This session, the Supreme Court will hear, among other cases, Friedrichs v California Teachers Association.
On Jan 11 the court will hear arguments on whether public employees can be required to join a union or pay it a fee for collective-bargaining services.
The lawsuit contends such agreements violate First Amendment protections.
The argument is that, with public service unions, such fees also are political speech, since the unions also push for this or that domestic policy with their bargaining counterpart, the government, and there’s no way to separate out the union monies spent for bargaining outcome from those spent for political lobbying.

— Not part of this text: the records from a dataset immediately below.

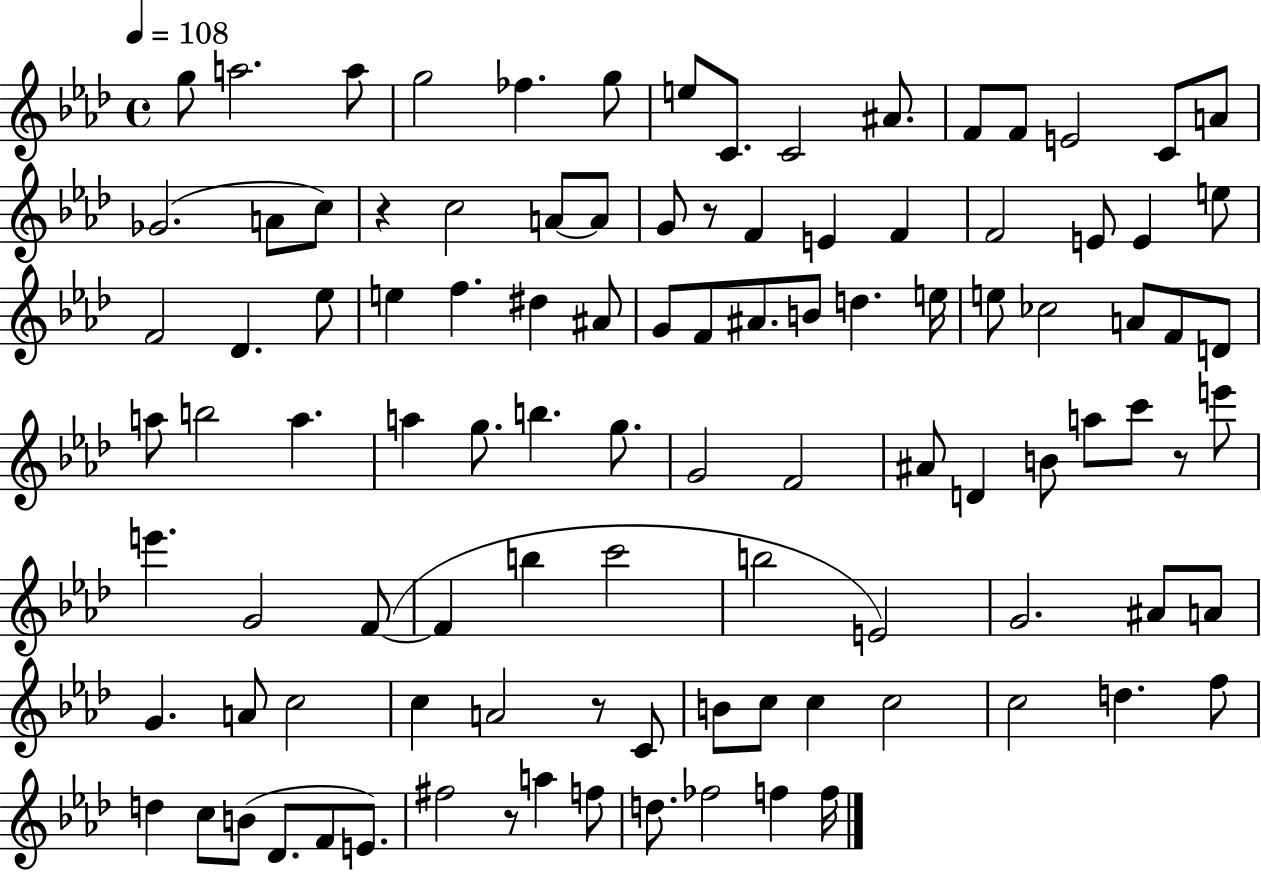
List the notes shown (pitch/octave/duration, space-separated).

G5/e A5/h. A5/e G5/h FES5/q. G5/e E5/e C4/e. C4/h A#4/e. F4/e F4/e E4/h C4/e A4/e Gb4/h. A4/e C5/e R/q C5/h A4/e A4/e G4/e R/e F4/q E4/q F4/q F4/h E4/e E4/q E5/e F4/h Db4/q. Eb5/e E5/q F5/q. D#5/q A#4/e G4/e F4/e A#4/e. B4/e D5/q. E5/s E5/e CES5/h A4/e F4/e D4/e A5/e B5/h A5/q. A5/q G5/e. B5/q. G5/e. G4/h F4/h A#4/e D4/q B4/e A5/e C6/e R/e E6/e E6/q. G4/h F4/e F4/q B5/q C6/h B5/h E4/h G4/h. A#4/e A4/e G4/q. A4/e C5/h C5/q A4/h R/e C4/e B4/e C5/e C5/q C5/h C5/h D5/q. F5/e D5/q C5/e B4/e Db4/e. F4/e E4/e. F#5/h R/e A5/q F5/e D5/e. FES5/h F5/q F5/s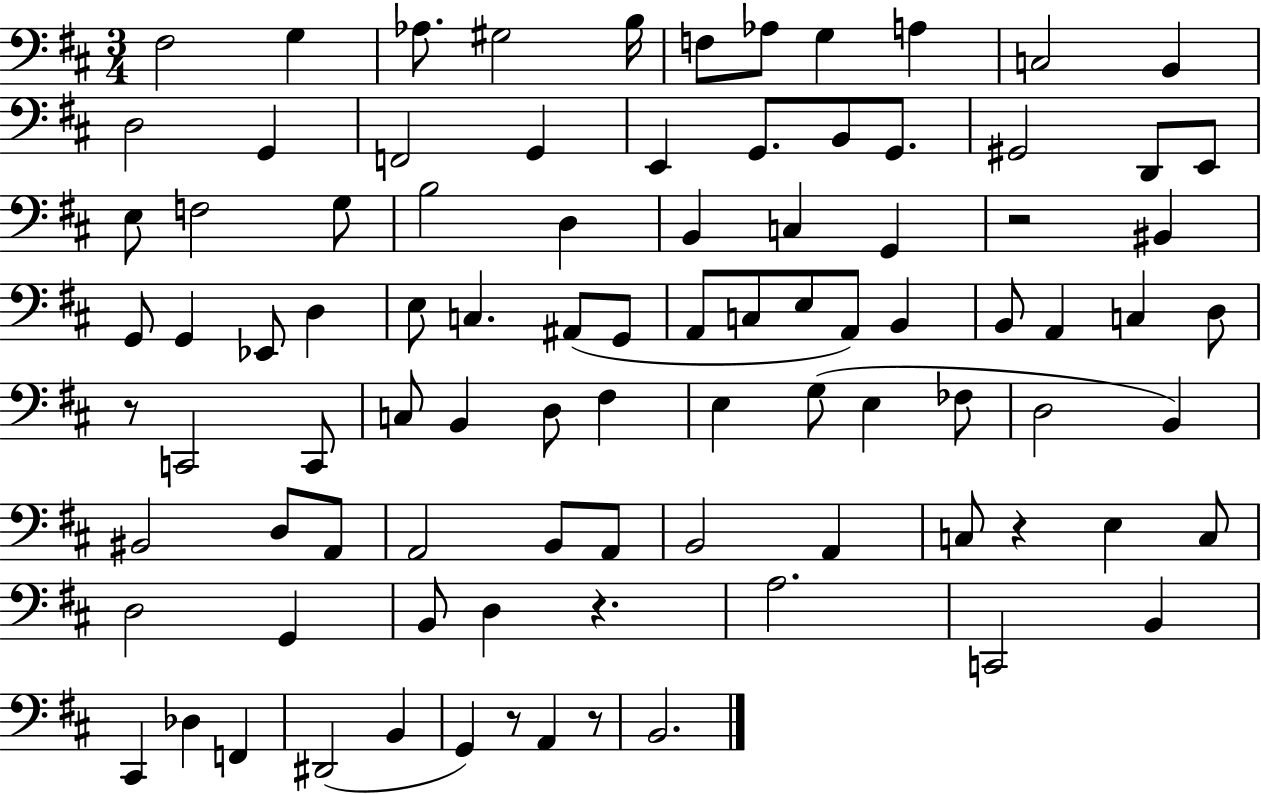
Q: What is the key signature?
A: D major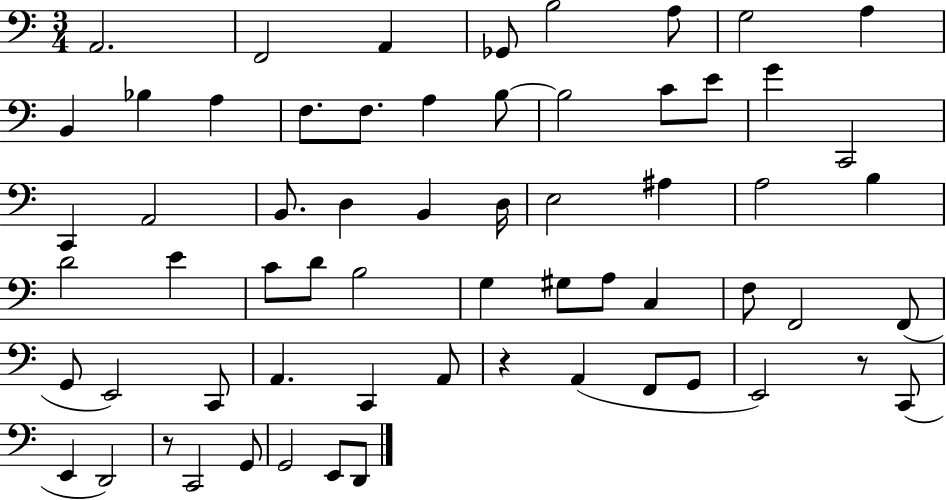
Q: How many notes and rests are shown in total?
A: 63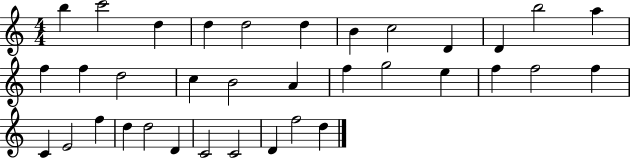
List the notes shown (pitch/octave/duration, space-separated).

B5/q C6/h D5/q D5/q D5/h D5/q B4/q C5/h D4/q D4/q B5/h A5/q F5/q F5/q D5/h C5/q B4/h A4/q F5/q G5/h E5/q F5/q F5/h F5/q C4/q E4/h F5/q D5/q D5/h D4/q C4/h C4/h D4/q F5/h D5/q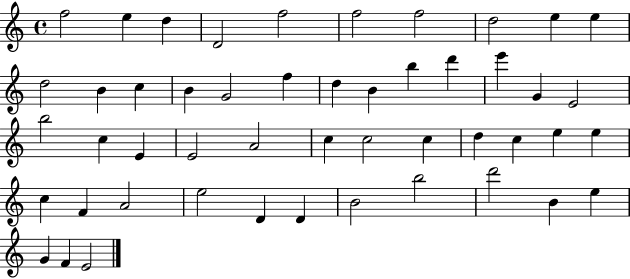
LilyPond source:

{
  \clef treble
  \time 4/4
  \defaultTimeSignature
  \key c \major
  f''2 e''4 d''4 | d'2 f''2 | f''2 f''2 | d''2 e''4 e''4 | \break d''2 b'4 c''4 | b'4 g'2 f''4 | d''4 b'4 b''4 d'''4 | e'''4 g'4 e'2 | \break b''2 c''4 e'4 | e'2 a'2 | c''4 c''2 c''4 | d''4 c''4 e''4 e''4 | \break c''4 f'4 a'2 | e''2 d'4 d'4 | b'2 b''2 | d'''2 b'4 e''4 | \break g'4 f'4 e'2 | \bar "|."
}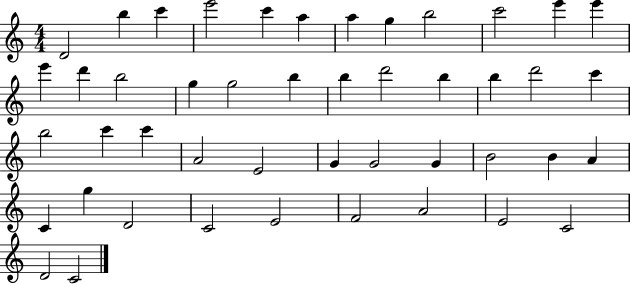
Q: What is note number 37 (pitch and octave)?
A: G5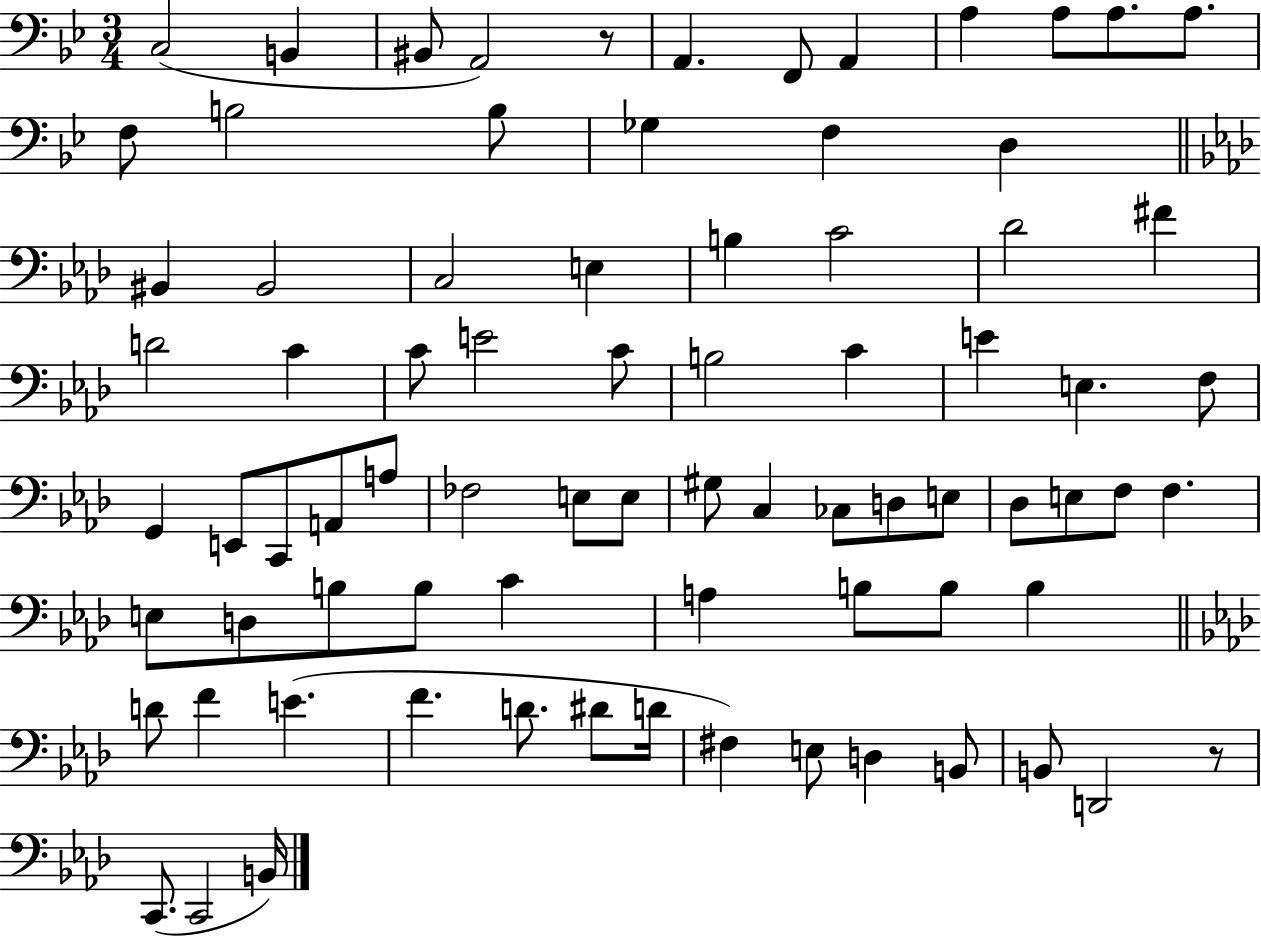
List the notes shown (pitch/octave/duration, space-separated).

C3/h B2/q BIS2/e A2/h R/e A2/q. F2/e A2/q A3/q A3/e A3/e. A3/e. F3/e B3/h B3/e Gb3/q F3/q D3/q BIS2/q BIS2/h C3/h E3/q B3/q C4/h Db4/h F#4/q D4/h C4/q C4/e E4/h C4/e B3/h C4/q E4/q E3/q. F3/e G2/q E2/e C2/e A2/e A3/e FES3/h E3/e E3/e G#3/e C3/q CES3/e D3/e E3/e Db3/e E3/e F3/e F3/q. E3/e D3/e B3/e B3/e C4/q A3/q B3/e B3/e B3/q D4/e F4/q E4/q. F4/q. D4/e. D#4/e D4/s F#3/q E3/e D3/q B2/e B2/e D2/h R/e C2/e. C2/h B2/s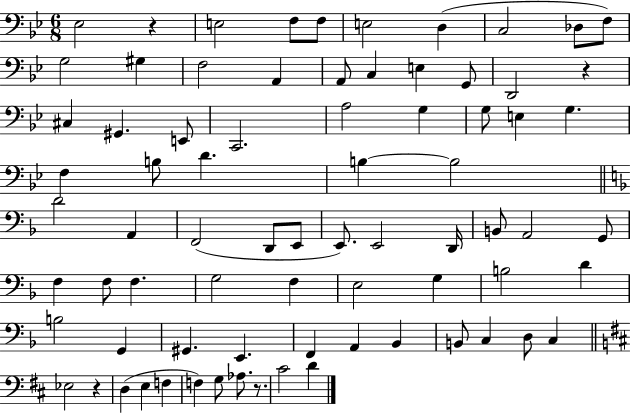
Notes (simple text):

Eb3/h R/q E3/h F3/e F3/e E3/h D3/q C3/h Db3/e F3/e G3/h G#3/q F3/h A2/q A2/e C3/q E3/q G2/e D2/h R/q C#3/q G#2/q. E2/e C2/h. A3/h G3/q G3/e E3/q G3/q. F3/q B3/e D4/q. B3/q B3/h D4/h A2/q F2/h D2/e E2/e E2/e. E2/h D2/s B2/e A2/h G2/e F3/q F3/e F3/q. G3/h F3/q E3/h G3/q B3/h D4/q B3/h G2/q G#2/q. E2/q. F2/q A2/q Bb2/q B2/e C3/q D3/e C3/q Eb3/h R/q D3/q E3/q F3/q F3/q G3/e Ab3/e. R/e. C#4/h D4/q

Such “agreements” (because paying the “fees” isn’t at all a voluntarily entered into arrangement, but a condition of having the job at all) go beyond that, though. They’re also a taking under principle of the 5th Amendment. Even though that Amendment binds the government and not private entities regarding takings, it’s not too far a stretch to apply it to the quasi-government entities of public service unions. Withal, the principle is valid, even if the Amendment itself is not strictly applicable.
Arguments in favor of the “fee” proceed from a false premise, too. “Fee” proponents argue that the payments are fair compensation for the union’s work in achieving an agreement for the nonmembers as well as the members. Of course, this is false on its face. The nonmembers are not represented by the union—that’s pretty obvious. As such, then, any arrangements between nonmembers and employers are strictly that: between the employer and the nonmember. If those arrangements look like what the union bargained for its members, oh well. They’re not required to be, and sometimes they are not.
Unions in Friedrichs also make the following argument:
If the suit prevails, public-employee unions say they could be crippled in about half the states that allow such agency shop clauses.
Couple things about that argument. One is that it may well be inconvenient to the unions (even extremely so), but that isn’t relevant. Either the “fees” are owed for the claimed services rendered, or they are not. The case should be decided on its merits, not on the basis of any supposed knock-on effects.
The other thing is this: so what?
The “closed shop” (only union members allowed to work) has been a mainstay of union labor strategy. The “bargaining fee” is simply a closed shop of a different flavor; the end result is forced support of the union. These tactics have provided life support to a patient which has been brain-dead for decades (the labor movement). Ultimately, it only further weakens the unions: Forced participation leads to resentment, and an errosion of solidarity.
Forced participation leads to resentment, and an errosion of solidarity.
Indeed. Just see the outcomes in Wisconsin and various California localities when folks were freed from union bondage.